* [Aim of the task] Nothing outside the lines below from the one containing "Albert Loyd a" through the one containing "Picture of the Property" is to be printed; print those exactly, ends included, and drop the pictures.

* [Provided information]
^^^^

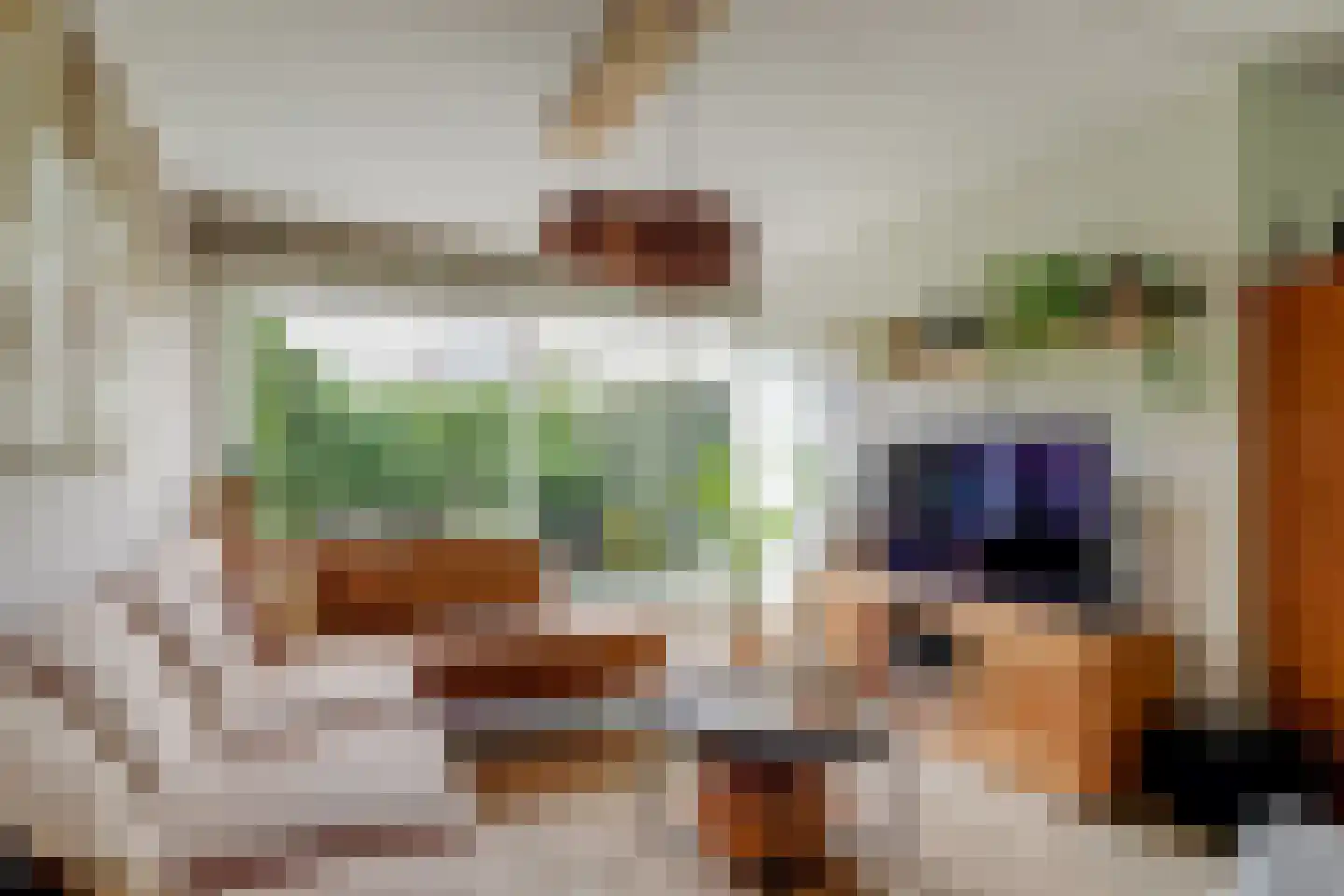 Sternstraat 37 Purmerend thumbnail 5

^^^^

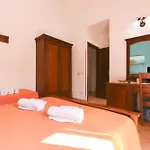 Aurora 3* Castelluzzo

^^^^

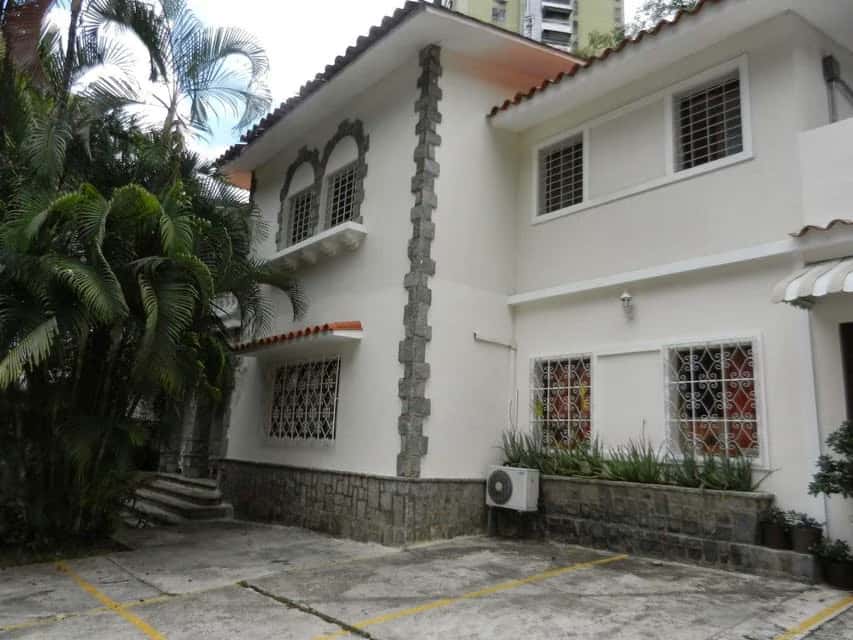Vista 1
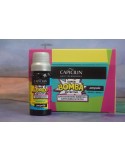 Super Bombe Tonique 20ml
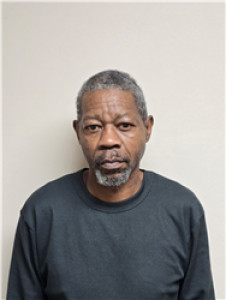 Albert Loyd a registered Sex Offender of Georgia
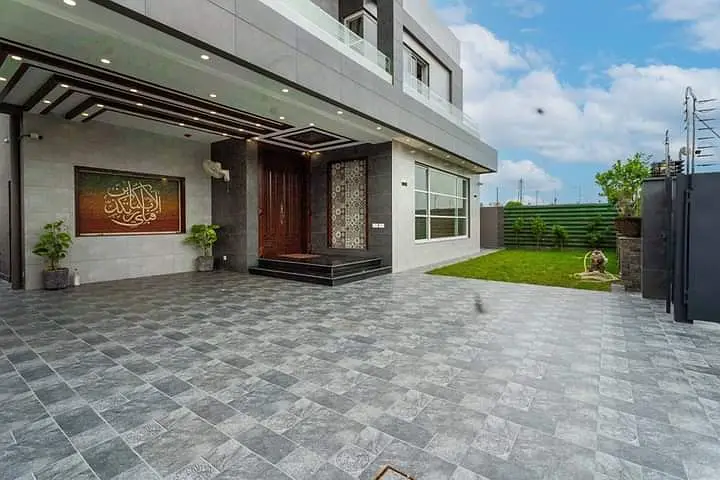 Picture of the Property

^^^^

* [Your response]
 Albert Loyd a registered Sex Offender of Georgia
 Picture of the Property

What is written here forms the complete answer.